Saint John native helps launch Charter challenge against C-51

Canada's new anti-terror legislation is the biggest threat to charter rights in the country's recent memory, says Saint John native Tom Henheffer, head of one of the groups behind a charter challenge against Bill C-51.

Bill C-51 a 'threat to charter rights' says Tom Henheffer of Canadian Journalists for Free Expression

Canada's new anti-terror legislation is the biggest threat to charter rights in the country's recent memory, says Saint John native Tom Henheffer, head of one of the groups behind a new Charter challenge against Bill C-51.

Henheffer's organization, Canadian Journalists for Free Expression (CJFE), and the Canadian Civil Liberties Association (CCLA) filed the application in Ontario's Superior Court on Tuesday.

"It's dangerous, it's overbroad … This is plain and simple bad legislation that violates the Charter rights of every Canadian in this country," he said.

The omnibus Bill C-51 gives the Canadian Security Intelligence Service more power to thwart suspected terrorist plots — not just gather information about them.

It also increases the exchange of federal security information, broadens no-fly list powers and creates a new criminal offence of encouraging someone to carry out a terrorist attack.

The bill also makes it easier for the RCMP to obtain a peace bond to restrict the movements of suspects and extend the amount of time they can be kept in preventative detention.

"Under one of the clauses in [the Anti-Terrorism Act 2015] it's a crime to promote terrorism in general. That's a Charter violation in and of itself because it's so broad," said Henheffer. "Laws in Canada have to be specific.

"What it means, as a journalist, is it's a crime to publish videos or quotes from terrorists organizations. You could be quoting the Ottawa shooter, you could be posting video from ISIS, even decrying these things, and there's no public interest defence," he said.

A range of interests, including environmental groups and the federal privacy commissioner, have previously expressed grave concerns about the information-sharing provisions, saying they could open the door to abuses.

"There is no accountability. And when you have this kind of situation it's not a question of whether there will be abuse, it's a question of when and how much," Henheffer said.

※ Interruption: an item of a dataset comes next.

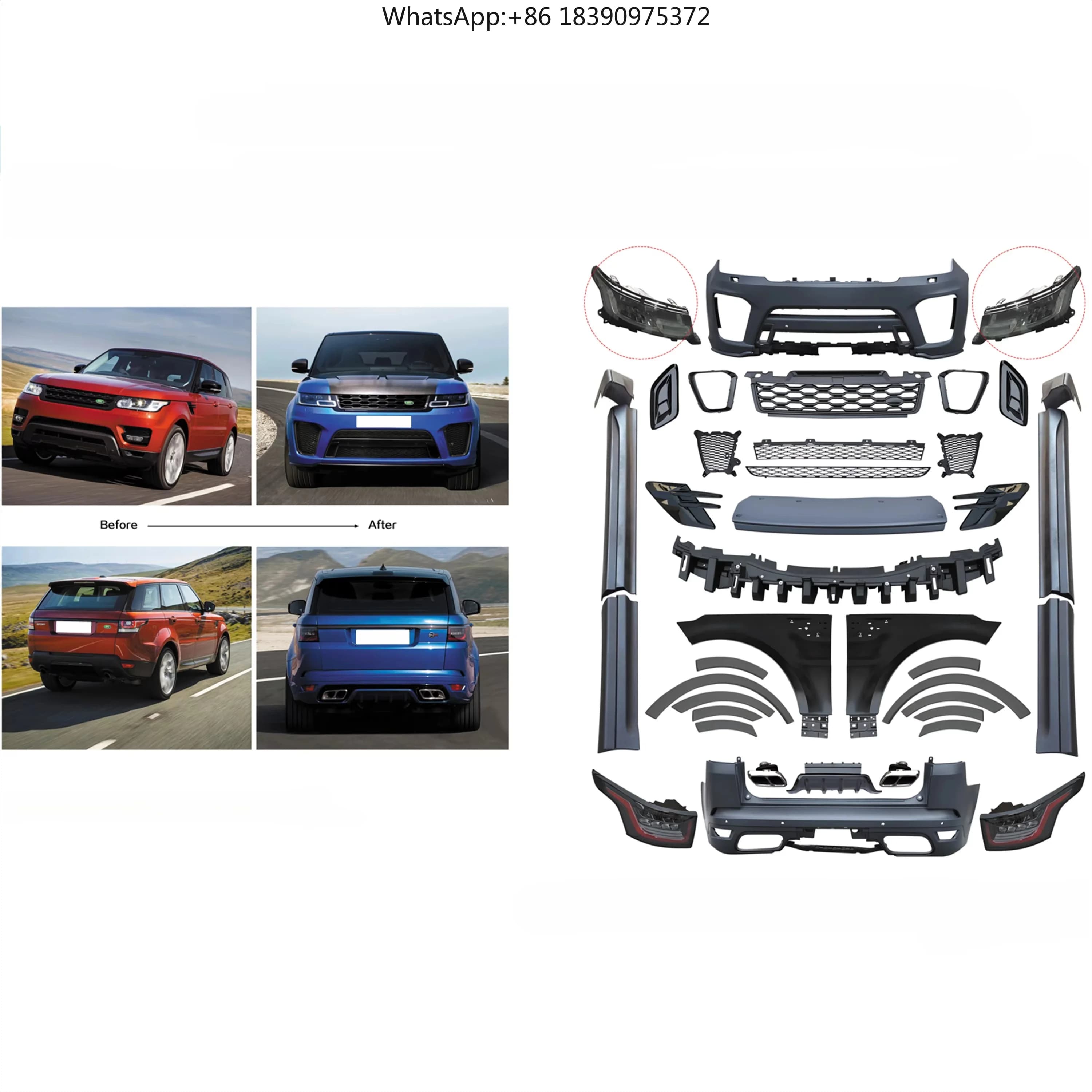 Car Body Kits for Sport 2014-2018 Upgrade 2020 SVR Model with Front Bumper Rear Bumper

There is no evidence to suggest broad digital surveillance has stopped imminent terrorist threats in the United States, he said.

"It's traditional methods, confidential informants, community engagement so you get tips — that's what stops terrorism. Not violating the rights of every Canadian."

The 21 page application contends various parts of the law violate sections of the Charter of Rights and Freedoms pertaining to legal rights, mobility rights and fundamental freedoms.

The Anti-terrorism Act, previously known as Bill C-51, became law in June, but generated controversy almost immediately after it was introduced in January.